6. Take a whiff of an essential oil.
Getting riled up about another person’s words or actions can cause you to feel angry and out of control. To get back into your body, ground yourself, and shift your focus, social worker Rev. Sheri Heller suggests sniffing an essential oil. Grounding yourself helps to turn your thoughts away from angry judgment and refocus your energy on either resolving the conflict or acting more compassionately towards the person you’re judging.
“For those whose judging of others is fueled by anger, it’s critical to learn how to effectively harness aggression and identify its source so that instead of cutting others down, one can learn to effectively address relational concerns,” she tells BuzzFeed. “Taking the time to notice when one is viscerally riled up is critical to shifting into a more centered place so that one can focus less on retaliation and blaming and more on clarifying the offense (perceived or real) that sets off one’s aggression.”
7. Try the “five senses” mindfulness technique.
If you don’t have an essential oil on hand, social worker Madelyn Gallagher suggests using a mindfulness technique called “five senses” to ground yourself and shift your negative thinking to empathetic feelings.
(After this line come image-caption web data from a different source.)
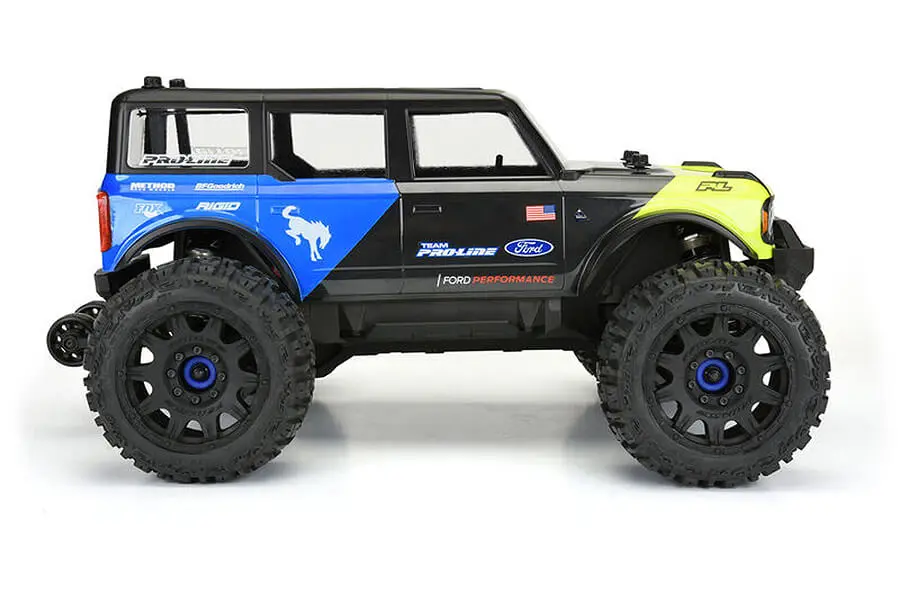 Proline 2021 Ford Bronco Clear Body for Maxx/E-Revo Ext. Post – view 3
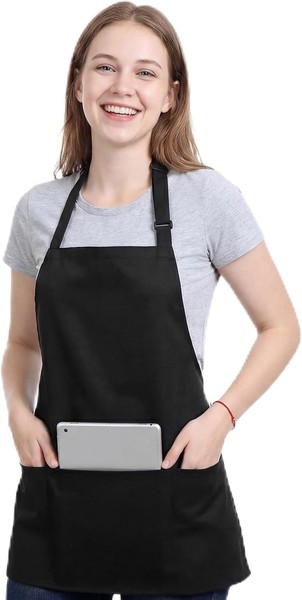 KochschüRze Damen Verstellbar Mit 3 Taschen 2 StüCk KüChenzubehöR Geschenk-image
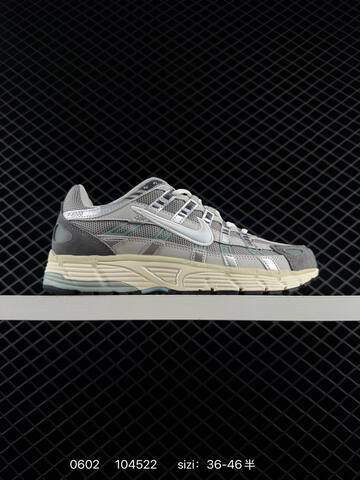Nike P-6000 Silver White Black Grey EU 36-46 Running - Unisex (BS-71032)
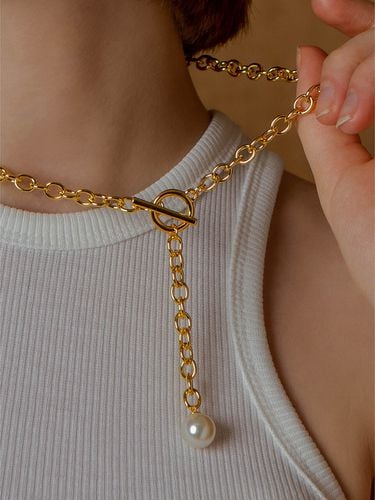 Vivian Necklace_Gold - SUNDAY DISCO CLUB - Modalova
Here’s how it works: “You describe five things you can see in that moment, four things you can physically feel, three things you can hear, two things you can smell and one thing you can taste. This helps you be present in the moment and better able to consider the intentions behind actions and your judgments,” Gallagher tells BuzzFeed.
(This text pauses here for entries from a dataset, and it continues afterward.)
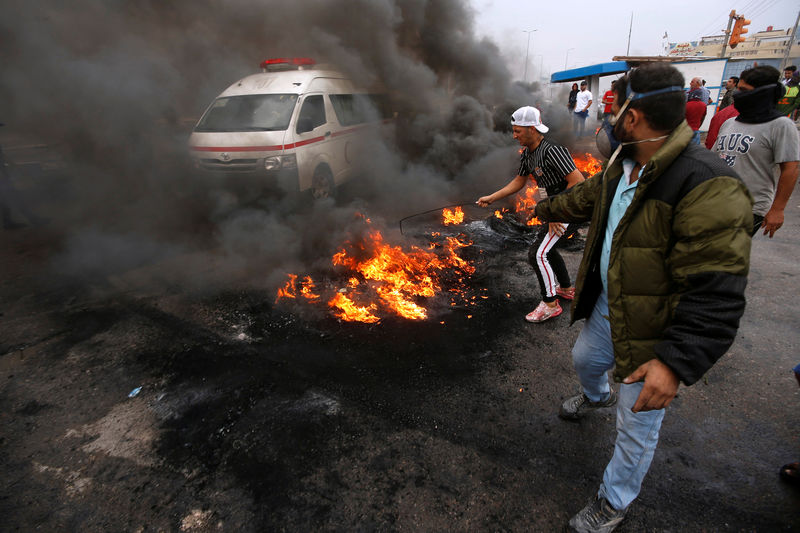 Protesters regain control of third bridge in Baghdad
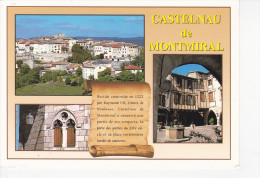 CASTELNAU DE MONTMIRAIL (81-Tarn),  Parchemin, 3 Vues, Ed. Apa-Poux 1998 - Castelnau De Montmirail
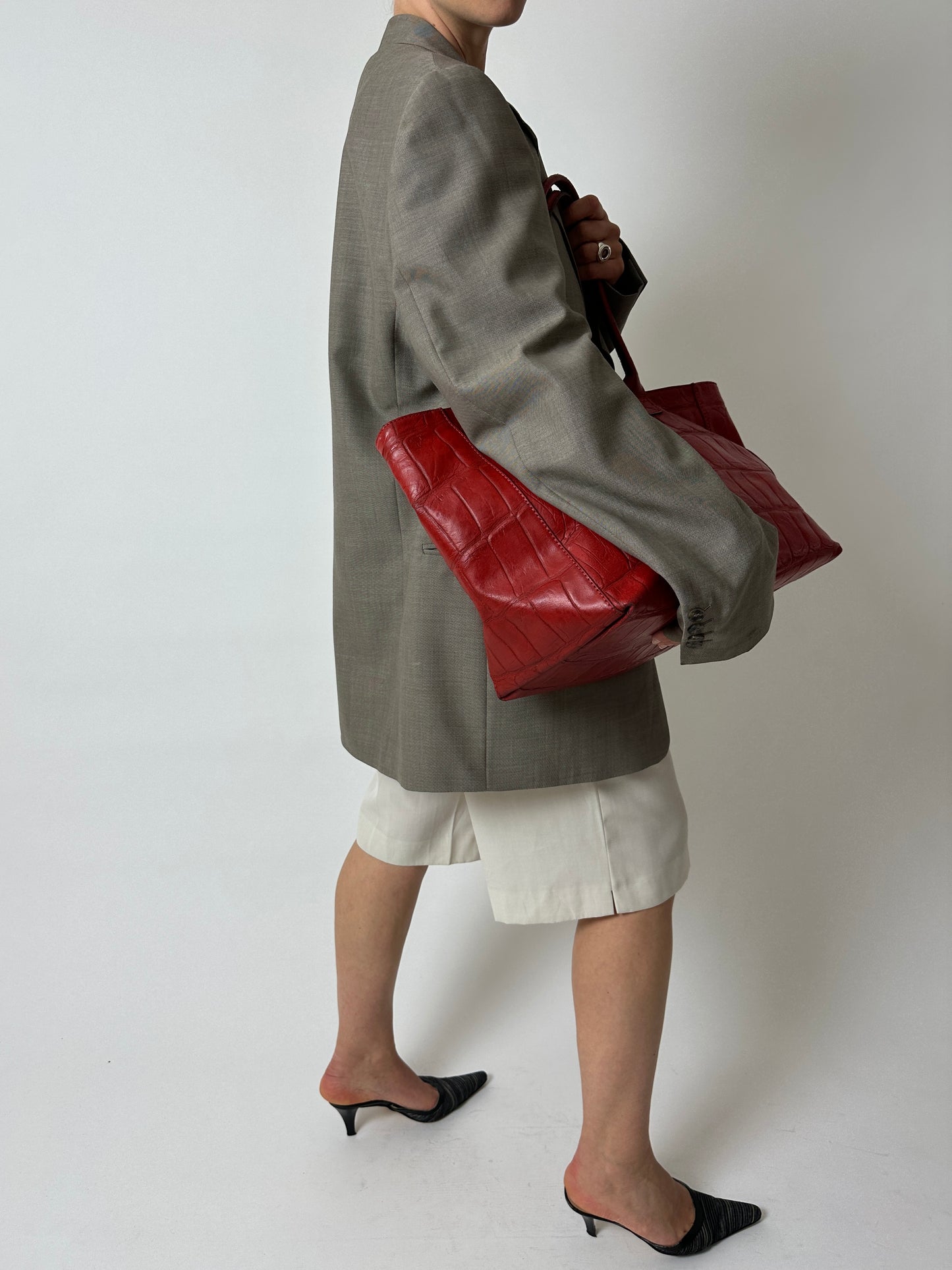 Relaxed fit blazer | Taupe grey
8. Offer yourself some compassion when you feel guilty for judging others.
What’s worse than judging someone? Judging yourself for casting judgment. That’s just a whole mess of bad feelings that you don’t need to experience. Instead, try extending some compassion to yourself when to start to feel critical of others.
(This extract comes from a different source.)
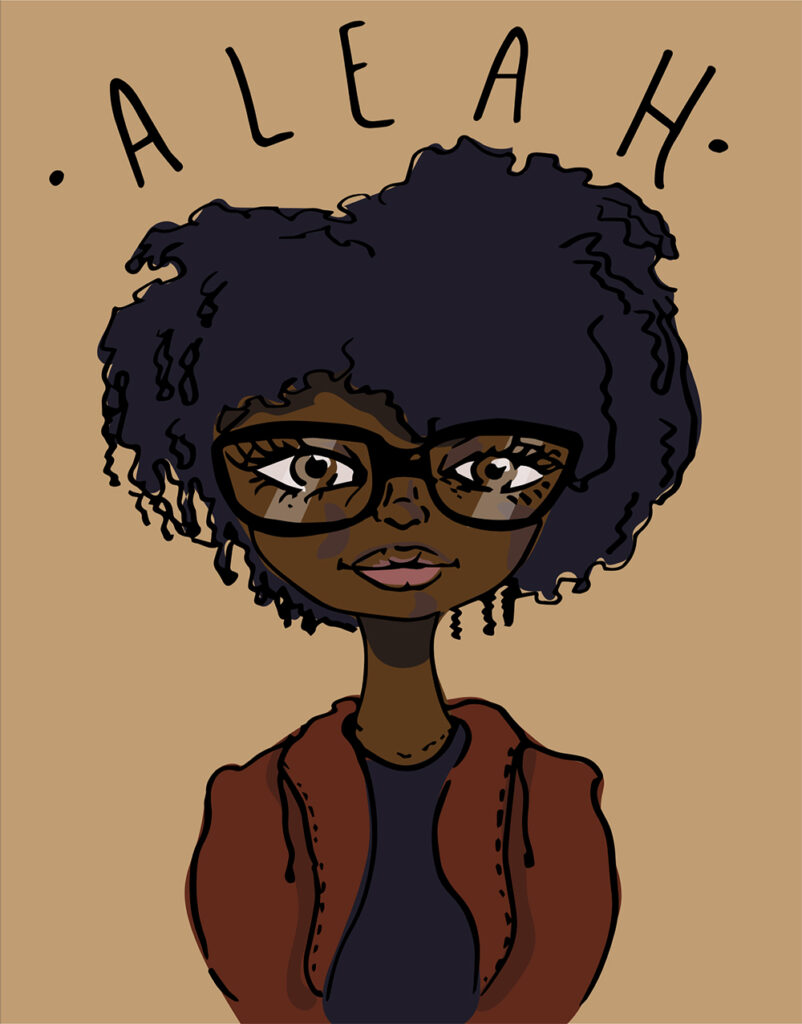 Aleah, Caricature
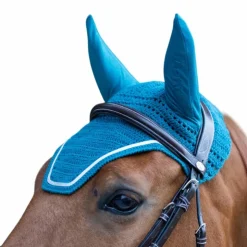 Online Jump'In - Bonnet pour chevaux Balthazar lagon/ lurex Bleu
“Remind yourself that all of us judge, that you're not a terrible person,” social worker Fara Tucker tells BuzzFeed. “Remind yourself that judgement is often a protective mechanism (e.g., we judge others first so they can't judge us; we judge when we're feeling vulnerable or scared). Offer care to the part of yourself that may be feeling the need to protect, that may be hurting in some way.”
Rev. Heller adds that an act of self-care can help to boost your self-esteem. “Attuning to one’s need for nurture establishes self-regard and lends itself to regarding others with greater respect,” she says. So try making yourself a delicious meal, going to a concert, film, art show or performance, getting a massage, taking a vacation or a mental-health day, or asking a friend for support.
9. Push yourself to interact more with new people, places, and ideas.
Our instinct to judge often results from a lack of experience with certain types of people, behaviors, or actions, and is informed by our own internal biases and the ideas and truths we grew up believing. To begin to break up some of those deeply held beliefs, psychologist Lucio Buffalmano suggests traveling. “The more you go out of your old shell with your customs and tradition, the more you will get used to ‘different stuff,’” he tells BuzzFeed. “And you will become less suspicious about anything you'd initially disapprove of.”
10. Remember that everyone is doing their best.
When all else fails, do what marriage and family therapist Sarah Epstein suggests and ask yourself this question: “What if the person is doing the best they can?” It will immediately conjure up more empathetic feelings and quell your negativity.
Says Epstein, “This question grounds me and lifts me out of judgment. If a person is doing the best they can with what they have, it's much harder to judge them. If we feel like they aren't trying, that's when we judge.”